For the political philosopher Hannah Arendt, imagination was the essential element in the making of what she, along with Kant, called ‘the world citizen’. Without imagination, it was impossible to develop that ‘enormously enlarged empathy through which I could know what actually goes on in the mind of all others’—an enlarged empathy that underpinned judging or critical thinking. ‘Critical thinking is possible only where the standpoint of all others are open to inspection,’ she wrote in her Lectures on Kant’s Philosophy.
Hence, critical thinking while still a solitary business has not cut itself off from ‘all others’…[By] force of imagination it makes the others present and thus moves potentially in a space which is public, open to all sides; in other words, it adopts the position of Kant’s world citizen. To think with the enlarged mentality—that means you train your imagination to go visiting.1
Arendt saw the storyteller as the most potent stimulant of the imagination. By providing vivid pictures of the lives of others, the storyteller transported the reader into other worlds—in other words, the writer (or artist) ‘train[ed] your imagination to go visiting’.

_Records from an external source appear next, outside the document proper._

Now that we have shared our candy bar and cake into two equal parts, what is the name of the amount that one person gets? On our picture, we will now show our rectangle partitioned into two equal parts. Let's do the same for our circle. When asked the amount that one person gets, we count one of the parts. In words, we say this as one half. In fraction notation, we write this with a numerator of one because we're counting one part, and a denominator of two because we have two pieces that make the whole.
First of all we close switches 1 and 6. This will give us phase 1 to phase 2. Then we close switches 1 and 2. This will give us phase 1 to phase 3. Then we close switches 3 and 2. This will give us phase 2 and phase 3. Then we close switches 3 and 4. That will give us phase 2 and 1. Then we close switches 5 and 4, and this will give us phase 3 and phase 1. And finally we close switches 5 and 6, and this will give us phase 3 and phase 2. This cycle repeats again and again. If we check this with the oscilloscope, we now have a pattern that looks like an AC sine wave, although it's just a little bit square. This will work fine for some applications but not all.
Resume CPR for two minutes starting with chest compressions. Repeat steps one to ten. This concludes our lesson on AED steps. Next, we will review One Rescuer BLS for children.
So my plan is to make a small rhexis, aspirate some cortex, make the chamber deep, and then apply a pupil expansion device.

The writers and artists whose lives are discussed in this section all explore ways in which the imagination can go visiting, whether from ‘home’, as in the case of Eleanor Dark, or from ‘away’, as in the cases of Jean Devanny, Christina Stead and the gay artist David McDiarmid. Because these are real lives, however, or representations of real lives, this process of imaginative visiting is not simple, as Mary Besemeres shows us in her discussion of three English-speaking autobiographical writers who struggle with the problems of making a life in a non-English-speaking country.

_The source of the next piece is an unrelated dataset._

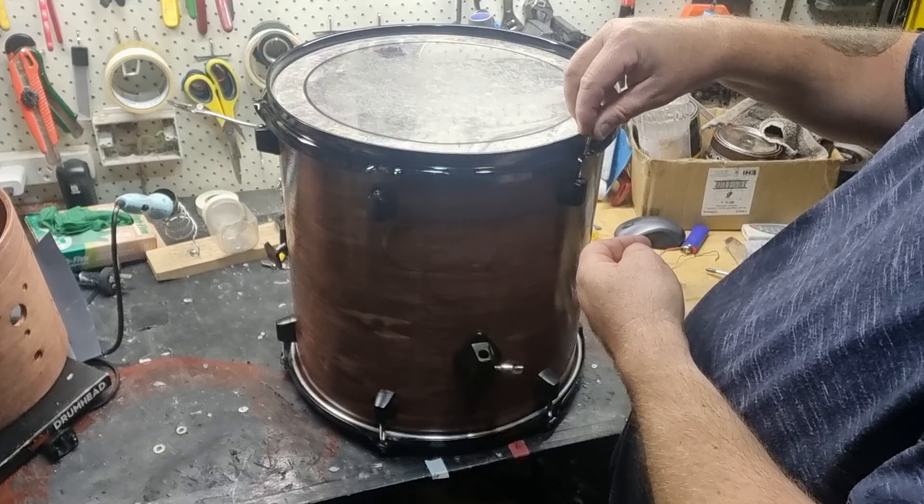I repeated the process on the tom, the snare, and the bass drum. I ended up swapping out the snare later on, as you'll see at the end. Here's a quick time-lapse on the bass drum — I've attached all the lugs, hoops, and everything, and spray painted the little clips that hold down there. I'm using an Evans EMAD batter head and a Remo Ambassador Coated resonant head, both of which are 20 inch.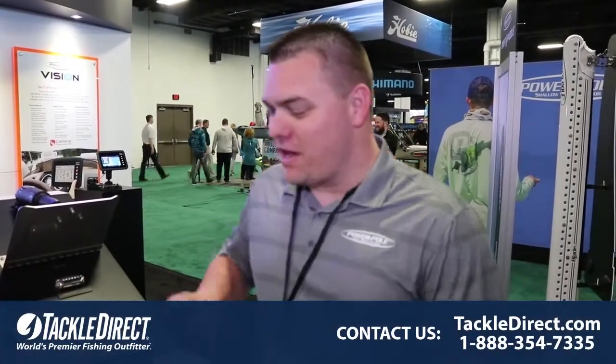Hi, I'm Curt Hill here with PowerPull. We're at the 2018 Bassmaster Classic and I'm going to talk to you a little bit about the PowerPull Vision.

Nancy Paxton explores the effects of travel, migration and ideas of internationalism derived from the communist movement in the 1930s on New Zealand novelist Jean Devanny. She traces her development from a somewhat superficial ‘cosmopolitan’ writer for the international imperial romance market to a serious, gendered ‘transnational’ subject, who conveyed in her 1935 novel, The Virtuous Courtesan, the complexity of colonial, imperial and national identities and of sexual, racial and class relationships. The Virtuous Courtesan does not merely exoticise the world of 1930s Sydney; instead, it takes us into a former colonial city whose quiet world is shattered by the outside world. ‘Jews! Gentiles! Foreign words,’ Devanny writes. ‘Suddenly a gusty hate for the strange new forces pulsed and festered in the gigantic web of the world’s social fabric surged up in Faith and was expelled in a gush of tears.’2
Susan Carson looks at the responses of two Australian writers, Christina Stead and Eleanor Dark, to that same period of world upheaval. Stead, the endless traveller, whose only ‘home’ is her lover, Bill Blake, and Eleanor Dark, who lived all her adult life in the Blue Mountains west of Sydney, have been characterised respectively as the transnational and the regional writer. Carson demonstrates, however, that both were responding in their work to the national and global pressures of a world approaching war. Stead, in her near-ethnography of international finance set in Paris, House of All Nations, and Dark, in her picture of settled and smug Sydney, Waterway, critique financial exploitation at the global and national levels and, like Jean Devanny, at the private level of gender relations. Imagination, in both cases, takes them from their local location into the larger world and then home again with a greater understanding of the complex relationship between ‘home’ and ‘away’.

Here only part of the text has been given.